Introduction

This tutorial provides a brief introduction to the purrr package, focusing on what I find to be the most useful functions and how they combine with dplyr to make your life easier. The purrr package is incredibly versatile and can get very complex depending on your application. Here, my goal is to build intuition around particularly the map family of functions by showing real-world applications, including modeling and visualization.

If you’re familiar with the logic behind base R’s apply family of packages, this intuition should be familiar. purrr is also meant to replace the now deprecated dplyr::do.


Introduction to purrr

First, let’s prepare our workspace. You’ll need to install tidyverse if you haven’t already.

library(tidyverse)

map

Now let’s look at how some of the key purrr functions work with toy examples. The most commonly used function is map:

x <- seq(5, 10)
map(x, ~ .* 5)
## [[1]]
## [1] 25
## 
## [[2]]
## [1] 30
## 
## [[3]]
## [1] 35
## 
## [[4]]
## [1] 40
## 
## [[5]]
## [1] 45
## 
## [[6]]
## [1] 50

The map function needs two arguments: a vector or list and a function or formula.

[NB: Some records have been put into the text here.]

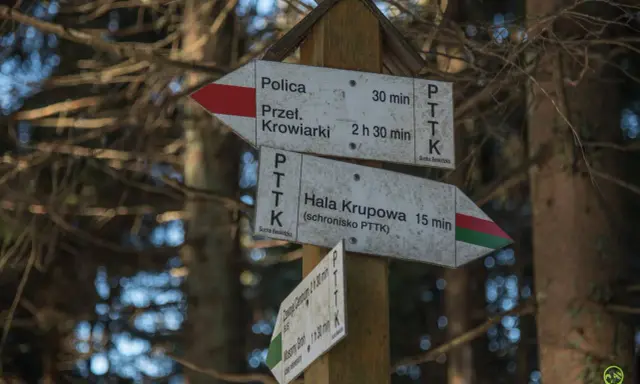 Drewniany słup z drogowskazami PTTK w lesie. Wskazuje polica szlaki do Przeł. Krowiarki (30 min) i Hali Krupowej (15 min).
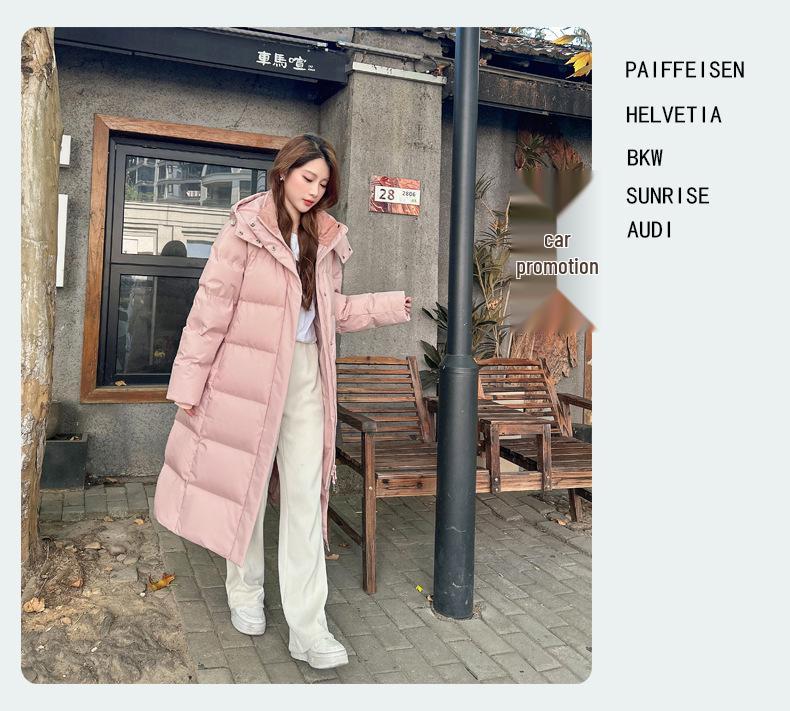 2024 New Women's Mid-Length Thick Down Jacket - Winter Over-the-Knee Warm Outerwear, Versatile and Simple Design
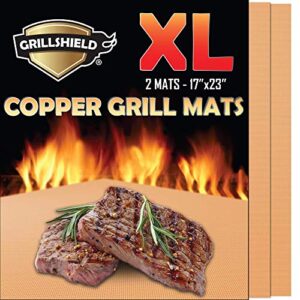 grillshield - 2 extra large copper grill and bake mats - best gift - 17 x 23 inches non stick mats for bbq grilling & baking, reusable and easy to clean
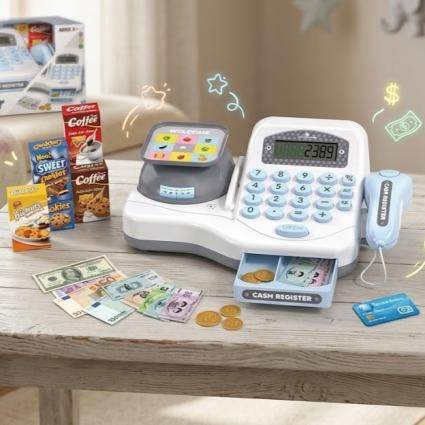 Детская касса супермаркет Cash Register кассовый аппарат с  калькулятором и сканером, весами и аксессуарами 18дет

In this basic case I’m passing map a vector, x, which is simply a sequence of numbers. I am then performing a basic operation to each number in that sequence, multiplying it by 5. The map function returns a list so that’s what we get. We can also use variations of map_ which allow returning other types of data outputs. I’ll cover more of those later, but this is a basic example using map_dbl:

map_dbl(x, ~ .*5)
## [1] 25 30 35 40 45 50

Other common variants include map_lgl, map_int, and map_chr.

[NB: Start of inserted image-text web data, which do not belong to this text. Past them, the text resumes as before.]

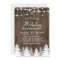 Rustic Wood String Light Pines Tree Holiday Party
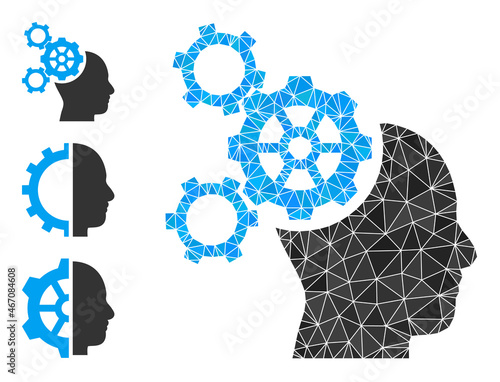 lowpoly brain mechanics icon, and other icons. Polygonal brain mechanics vector is designed with scattered triangles. Flat geometric polygonal abstraction designed by brain mechanics icon.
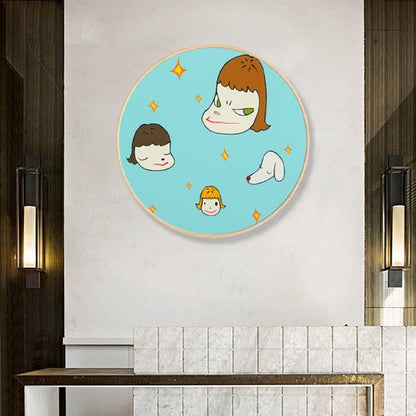 Vivolux | Weiche Farb Cartoon Kinder Malfigur Moderne Kunst Texturiert Leinwand für Hausinterieur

Note you can also pipe in your data:

x %>% map_dbl(~ .*5)
## [1] 25 30 35 40 45 50

You can also construct your own functions and pass those through map:

custom_formula <- function(value){
  round(value^2 * rnorm(1, 5, 15), 1)
}

output <- map_dbl(x, ~custom_formula(.))

output
## [1]  115.9 1443.9  127.2 1114.0 -457.3 1235.8

An additional twist on map is map2. This is useful when you have two vectors or list that you want to combine in one single formula. An important note here is that both must be the same length. If not, things get complicated:

x <- seq(2000, 2010)
y <- seq(10, 20)

map2_dbl(x, y, ~ .x + .y)
##  [1] 2010 2012 2014 2016 2018 2020 2022 2024 2026 2028 2030

Note that map functions work just as well with other types of data, such as strings or characters:

movies <- c("A New Hope",
            "The Empire Strikes Back",
            "Return of the Jedi",
            "Phantom Menace",
            "Attack of the Clones",
            "Revenge of the Sith",
            "The Force Awakens",
            "The Last Jedi",
            "Rise of Skywalker")

years <- c(1977, 1980, 1983, 1999, 2002, 2005, 2015, 2017, 2019)

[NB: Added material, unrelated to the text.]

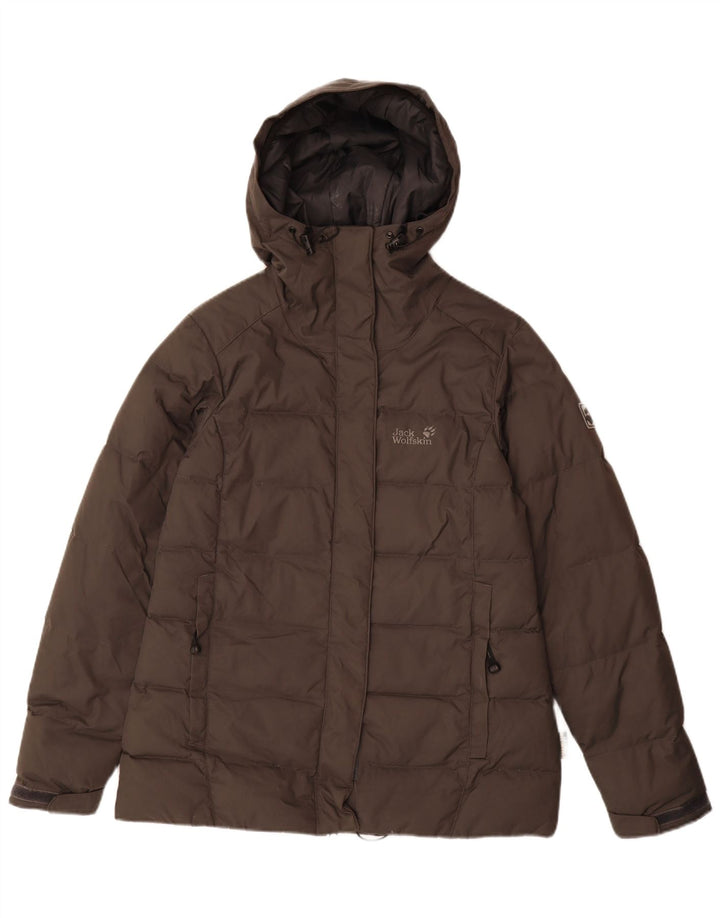 Giacca imbottita con cappuccio da donna Jack Wolfskin UK 12/14 Poliammide marrone medio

map2_chr(movies, years, ~paste(.x, .y, sep=": "))
## [1] "A New Hope: 1977"              "The Empire Strikes Back: 1980"
## [3] "Return of the Jedi: 1983"      "Phantom Menace: 1999"         
## [5] "Attack of the Clones: 2002"    "Revenge of the Sith: 2005"    
## [7] "The Force Awakens: 2015"       "The Last Jedi: 2017"          
## [9] "Rise of Skywalker: 2019"

Now let’s say you wanted to perform an operation to each of these strings:

map2_chr(movies, years, ~paste(.x, .y, sep=": ")) %>% 
  map_chr(~str_to_upper(.))
## [1] "A NEW HOPE: 1977"              "THE EMPIRE STRIKES BACK: 1980"
## [3] "RETURN OF THE JEDI: 1983"      "PHANTOM MENACE: 1999"         
## [5] "ATTACK OF THE CLONES: 2002"    "REVENGE OF THE SITH: 2005"    
## [7] "THE FORCE AWAKENS: 2015"       "THE LAST JEDI: 2017"          
## [9] "RISE OF SKYWALKER: 2019"

pluck

If you’ve ever worked with lists in R you know the syntax is somewhat counter intuitive. Instead of having to do things like list[[1]][2] to recover specific elements from lists we can use the very useful pluck function:

Here’s the basic functionality:

example <- list(movies, years,
                preference = c(2, 1, 3, 7, 8, 9, 4, 6, 5))

example
## [[1]]
## [1] "A New Hope"              "The Empire Strikes Back"
## [3] "Return of the Jedi"      "Phantom Menace"         
## [5] "Attack of the Clones"    "Revenge of the Sith"    
## [7] "The Force Awakens"       "The Last Jedi"          
## [9] "Rise of Skywalker"      
## 
## [[2]]
## [1] 1977 1980 1983 1999 2002 2005 2015 2017 2019
## 
## $preference
## [1] 2 1 3 7 8 9 4 6 5
example[[1]][5]
## [1] "Attack of the Clones"
example[[2]][5]
## [1] 2002
example[[3]][5]
## [1] 8


With pluck:

pluck(example, 1)
## [1] "A New Hope"              "The Empire Strikes Back"
## [3] "Return of the Jedi"      "Phantom Menace"         
## [5] "Attack of the Clones"    "Revenge of the Sith"    
## [7] "The Force Awakens"       "The Last Jedi"          
## [9] "Rise of Skywalker"
pluck(example, 1, 5)
## [1] "Attack of the Clones"
pluck(example, 2, 5)
## [1] 2002
pluck(example, 3, 5)
## [1] 8

Why might you want to use this other than easier syntax? Maybe something like this, where we want to extract the last word of each movie title:

example %>% 
  pluck(1) %>% 
  map_chr(~ word(., -1))
## [1] "Hope"      "Back"      "Jedi"      "Menace"    "Clones"    "Sith"     
## [7] "Awakens"   "Jedi"      "Skywalker"

What’s going on here?

  • example %>% pluck(1): pipe in our list and grab the first list element, the movie title;
  • map_chr(~ word(., 1)): take each movie title and extract the last word from it using the word function.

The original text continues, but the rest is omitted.